# B SHM of Oscillating Pendulum

1. Jul 22, 2015

### andyrk

For SHM of oscillating pendulum, when the pendulum is at the extreme position, what is considered as the displacement? The curve/arc of the circle the bob is following or the straight line distance from the mean position?

2. Jul 22, 2015

### Dvorak

It is the curve or arc of the circle the bob is following.

3. Jul 23, 2015

### andyrk

But shouldn't it be the straight line displacement from the mean position?

4. Jul 23, 2015

### Qwertywerty

Technically , for SHM of a pendulum we use angular diplacement θ rather than straight line displacement . However as θ is a small we can still use straight line displacement . This is approximately equal to the length of the arc .

5. Jul 23, 2015

### andyrk

What if θ is not small?

6. Jul 23, 2015

### Qwertywerty

Then you wouldn't have SHM .

7. Jul 23, 2015

### sophiecentaur

What do your text books tell you about these questions you are asking on PF? Yet again, this topic is well covered on line and in books.

8. Jul 23, 2015

### andyrk

I don't know. They didn't mention if it was small or not. But they have taken the displacement to be $lθ$. So I think that must mean that θ is small. Am I right?

9. Jul 23, 2015

### Nathanael

Yes. As qwerty said, Lθ is just an approximation for Lsinθ, but this approximation is only accurate for small angles.
If you know about taylor series, you can look at the taylor series for sinθ and see where this approximation comes from (the smaller θ, the smaller the effect of the higher order terms).
If you don't know about taylor series then you can understand this approximation geometrically, too. But if that's the case then you should go study taylor series! Useful stuff..

10. Jul 24, 2015

### sophiecentaur

SHM is a specific kind of oscillation - the simplest there is, in fact. SHM requires the restoring force to be directly proportional to the displacement and, for a simple pendulum, it is not. Look at this link, which shows that the motion of a simple pendulum 'approaches' pure SHM as the amplitude approaches zero.

11. Jul 24, 2015

### Qwertywerty

Do you know the derivation for SHM ?

12. Jul 24, 2015

### Nidum

Some old clockmakers went to considerable trouble to make the motion of their pendulums follow SHM as near as possible at practical angles of swing . They did this by devising ways of making the effective length of the pendulum change slightly as it swung back and forth .

13. Jul 24, 2015

### nasu

You can use either one as a coordinate. You can also use the angle, as it was already mentioned.
In general, for a system, there is more than one way to choose the coordinates. Some may be more convenient but not in anyway "correct" or "wrong".
But even if you use the straight distance, the motions is SHM only approximately, for small angles.

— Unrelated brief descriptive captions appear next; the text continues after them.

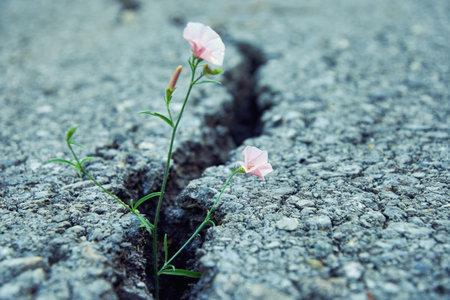 Tiny pink flower growth through the crack in old asphalt road. Conceptual image of nature strengthの写真素材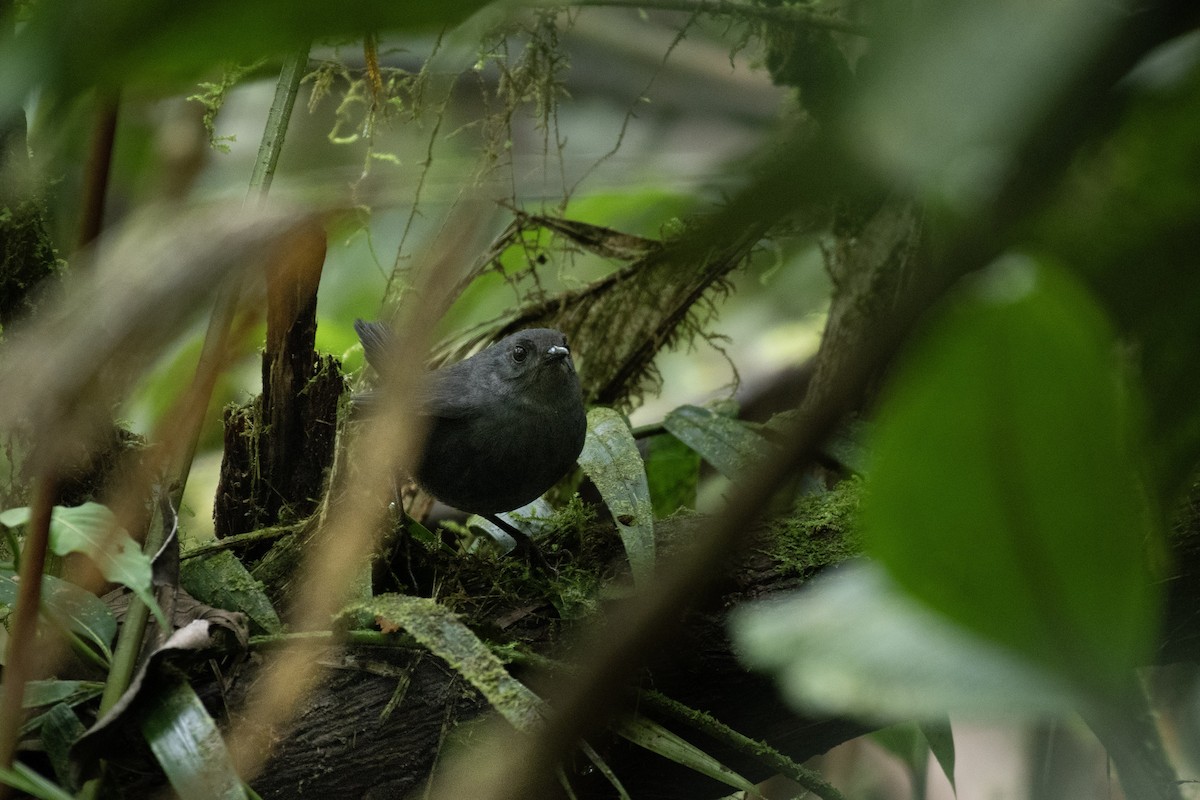 Nariño Tapaculo - ML637507748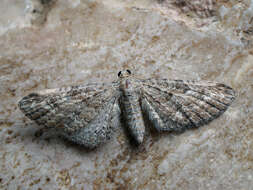 Image of yarrow pug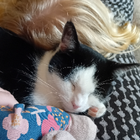 Avatar for Georgia C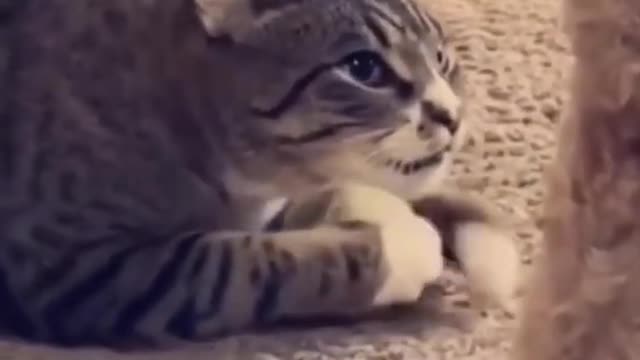 Funny Animal Videos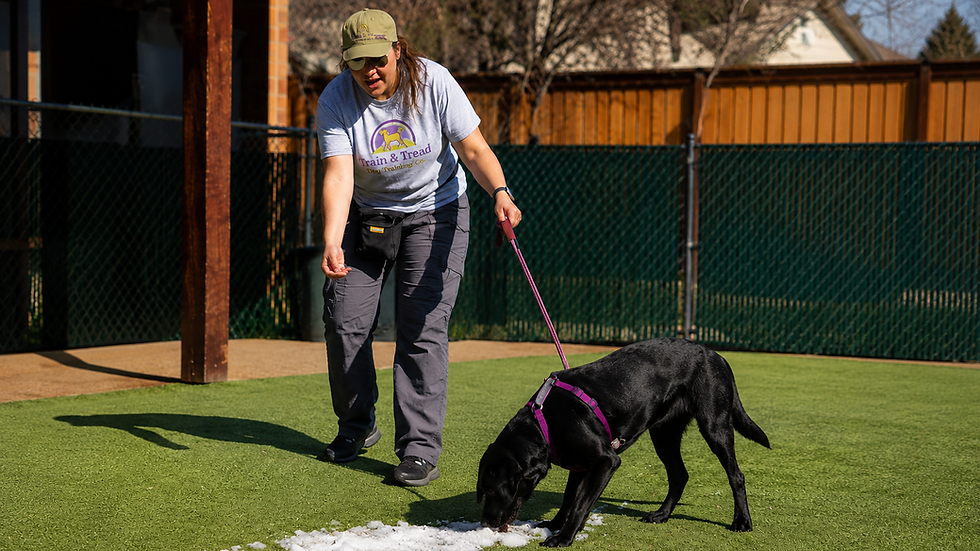 training outside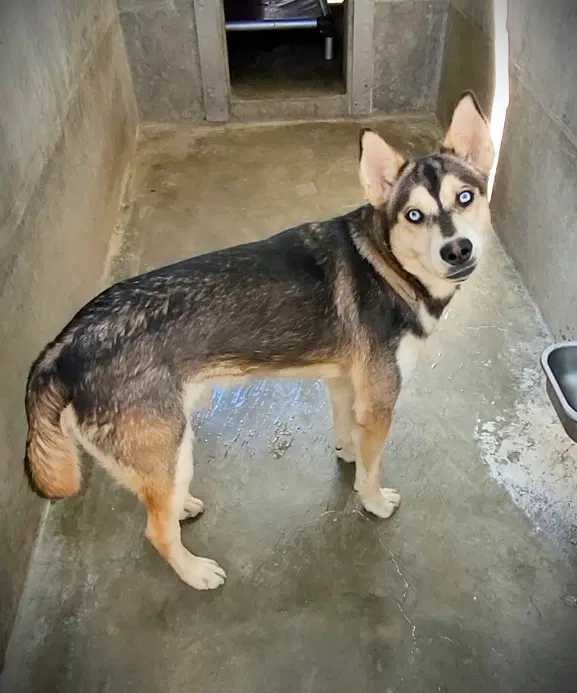 Rex - German Shepherd Dog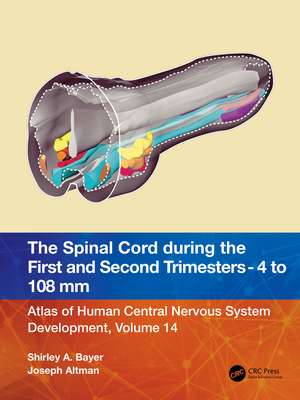 The Spinal Cord during the First and Early Second Trimesters 4- to 108-mm Crown-Rump Lengths: Atlas of Human Central Nervous System Development, Volume 14 de Shirley A. Bayer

And the length of the arc is Lθ for any value of the angle. Is not an approximation.
The straight distance though, is only approximately so, for small angles.

14. Jul 24, 2015

### sophiecentaur

Yes but, if you are using the arc in your equation, the restoring 'force' becomes a torque and that is not proportional to the angle in any case. It's still non linear with change of position.

15. Jul 24, 2015

### sophiecentaur

I don't know who the "they" you refer to were. If they were showing you the proper derivation of SHM, they would have included the limiting case for small angles.

16. Jul 24, 2015

### nasu

Did I say that it becomes linear if the angle is used?

The last part was a separate point. Someone said in a previous post that s=Lθ it is just an approximation for small theta, which is not true. I did not mean (and did not say)that the motion becomes SHM.

Last edited: Jul 24, 2015
17. Jul 24, 2015

### sophiecentaur

It bothered me that it may have been interpreted wrongly. You were discussing a change of co ordinates. The result is that the non linearity turns up somewhere else and that point needs to be made constantly, IMO.